Hekmatyar takes responsibility for the attack while the Afghan government is trying to launch a peace negotiation with insurgents through Saudi Arabia’s mediation. The government has been repeatedly asking Hekmatyar and Mullah Omar to put down their arms and join the peace and political process, despite the fact that they are on the CIA black list. But they both have rejected the proposal. Recent reports say that there have been covert talks with Taliban for the past some months, but neither Afghan officials nor the Taliban has admitted it. On 29th of September, Reuters reported that ‘The Taliban leadership on Monday denied a report they were negotiating with the Afghan government to end the war and the insurgents repeated their pledge to keep fighting till foreign troops were expelled from the country’.

Hekmatyar’s act of taking responsibility for attack on French soldiers can be interpreted as re-stating his commitment to the same objective shared by Mullah Omar. Hekmatyar and Mullah Omar’s rejection of peace talks implies that negotiation –though should be encouraged- will not immediately lead to a resolution or significant security improvement in Afghanistan. In order to get a deeper sense of the insurgency and its character we should look at the insurgency in a nuanced way in the sense to see it as comprised of different groups and its structure as fragmented and largely decentralized that is not bound together by a single central authority. In such cases, bringing a leader into the peace process might have very little effect on brining down the insurgency machine.

This situation is presumably realized by insurgency leaders too. It puts the leaders in a position that would make it hard for them to convince sub-insurgent networks in case of negotiation. the insurgents have proved to be tough on leaders who give up their resistance and join the enemy. They have killed many prominent religious authorities who cooperated with the government, and have not followed some senior Taliban authorities who joined the peace process. For some groups within the insurgents accepting peace proposals from a western backed government, which has no legitimacy for them, is almost equal to compromising their faith and ideological commitments. The major challenge in this regard has been that the groups under Mullah Omar and Gulbuddin Hekmatyar’s leadership have opposed the very legitimacy of an Afghan government. From this position, they have challenged any authority within their groups or outside who have tried to show that there is no problem with the government from the view point of religion.

Last week, President Karzai said to AFP that he had asked Saudi Arabia’s king as the leader of the Muslim world to mediate a peace talk with insurgents in Afghanistan. The success of this initiative seems to be very unlikely too. This is partly due to the decentralized structure of Islam as a social and political system that allows for fragmentation in it in terms of authority. But in regard to militant Islamic groups in particular, this kind of mediation is very unlikely to work out as the insurgents have never come under a central authority like Saudi Arabia’s king. Further, Islamic militants’ perception of Saudi’s king as an ally of the western countries, who has no authority before them, makes the perspective for the initiative very gloomy.

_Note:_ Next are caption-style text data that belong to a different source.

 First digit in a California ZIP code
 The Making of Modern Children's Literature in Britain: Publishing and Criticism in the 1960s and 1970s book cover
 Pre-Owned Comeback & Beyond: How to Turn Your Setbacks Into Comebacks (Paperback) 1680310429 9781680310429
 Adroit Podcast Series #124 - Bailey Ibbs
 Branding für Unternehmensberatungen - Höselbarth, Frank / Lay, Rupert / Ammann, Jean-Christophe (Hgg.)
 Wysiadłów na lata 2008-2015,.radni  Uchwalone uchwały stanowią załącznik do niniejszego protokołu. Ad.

The unclear relation of insurgents with religious authorities or leaders makes it very hard to determine whether a peace negotiation through authorities’ mediation would help the security situation to improve. Further, for leaders like Mullah Omar and Hekmatyar, it is in their strategic interest not to come along with the government’s peace proposals. They see the peace proposal by the government and the international society as showing the government and its backers’ frustration rather than giving a signal of good intention towards them. They might even take the proposal as sign of gradual die out of the government and victory for themselves- a perception that was widespread among Jihadi groups throughout1989-92 when the communist regime was pushing for a national reconciliation program, but they rejected and fought till the collapse of Dr. Najeebullah’s government.

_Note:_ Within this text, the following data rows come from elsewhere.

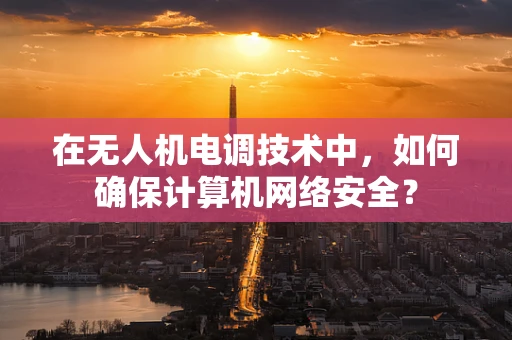 在无人机电调技术中，如何确保计算机网络安全？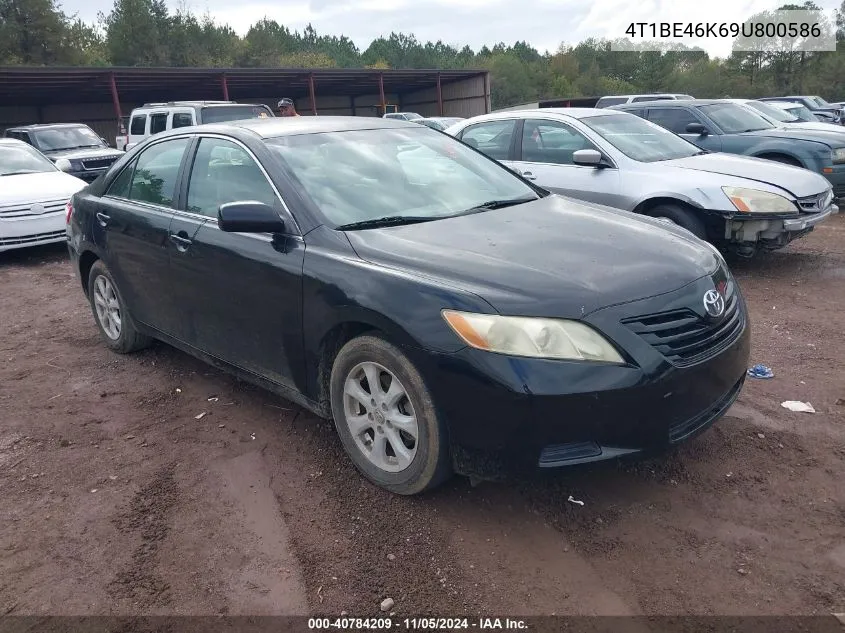 2009 Toyota Camry Le VIN: 4T1BE46K69U800586 Lot: 40784209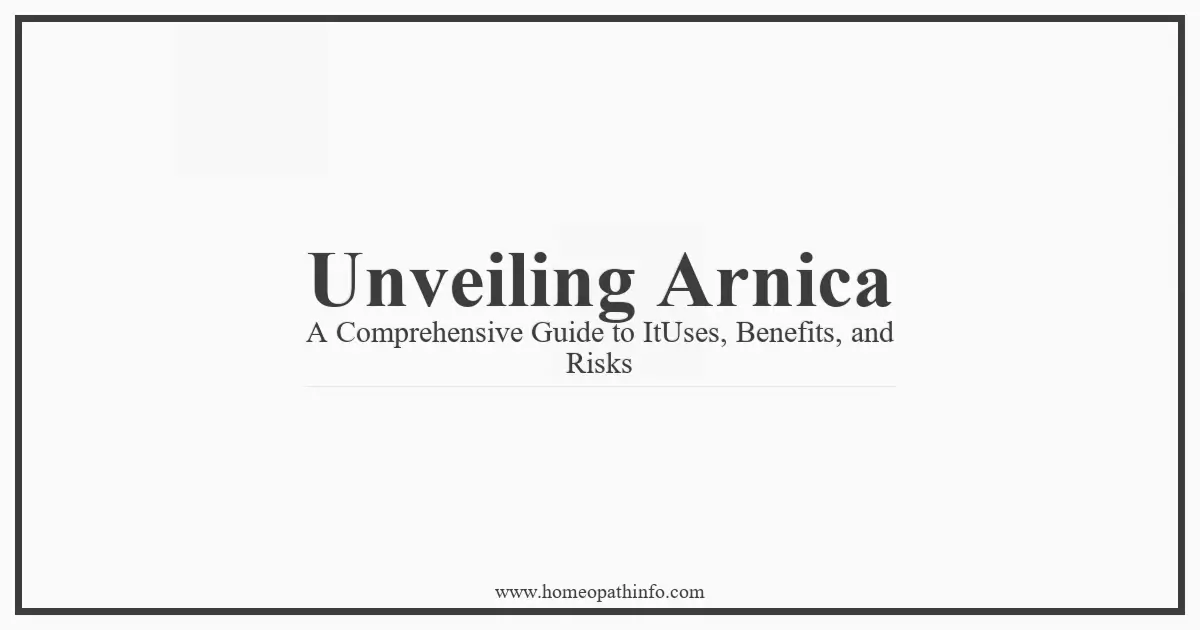 Unveiling Arnica A Comprehensive Guide to ItUses Benefits and Risks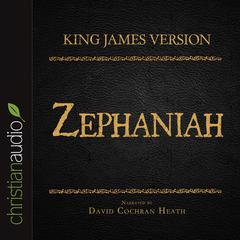 Holy Bible in Audio - King James Version: Zephaniah Audiobook, by David Cochran Heath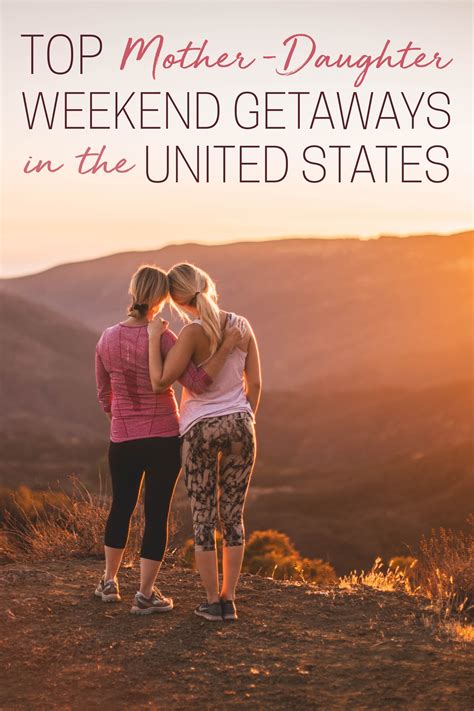 Top Mother Daughter Weekend Getaways In The Us • The Blonde Abroad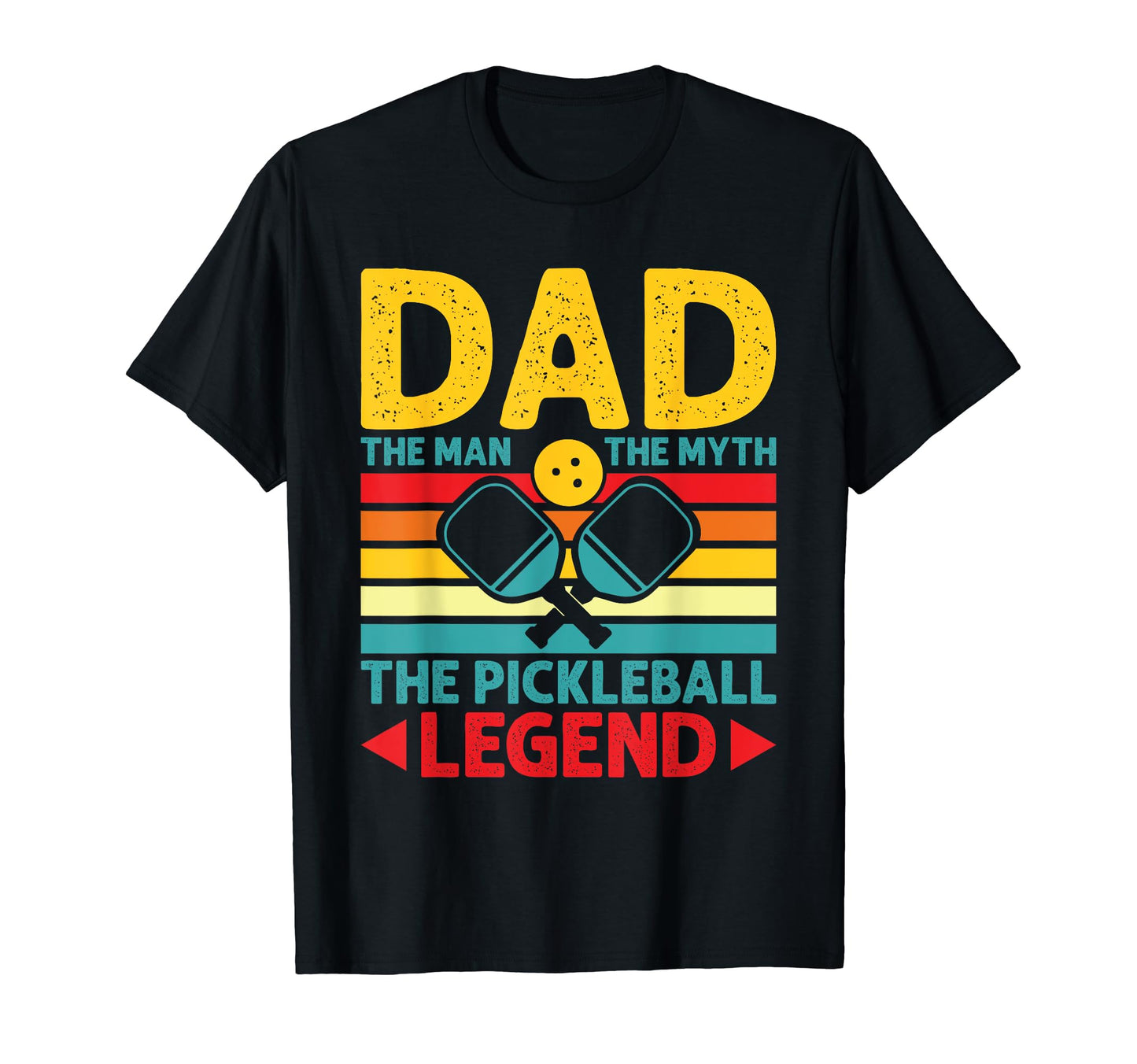 Funny Pickleball Dad Myth Pickleball T-Shirt - Casual Everyday Wear Unisex - T-Shirt, Sweatshirt, Hoodie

It would be unrealistic to say that the current insurgency would lead to a similar break down of the state like the one that communist regime faced because of many differences between the two circumstances such as insurgents’ technical capacity and scope of popular support, but the continuation of insurgency puts the government in a far challenging situation that can consequently lead to a popular frustration and lose of capital for the Afghan state. A double strategy of negotiation and building up of the military capacity to aggressively target insurgents seem to be a temporary option for the Afghan government until changes in the internal circumstances bring up new opportunities. However, a regional anti-insurgency strategy needs to be developed in longer turn to deal with the problem.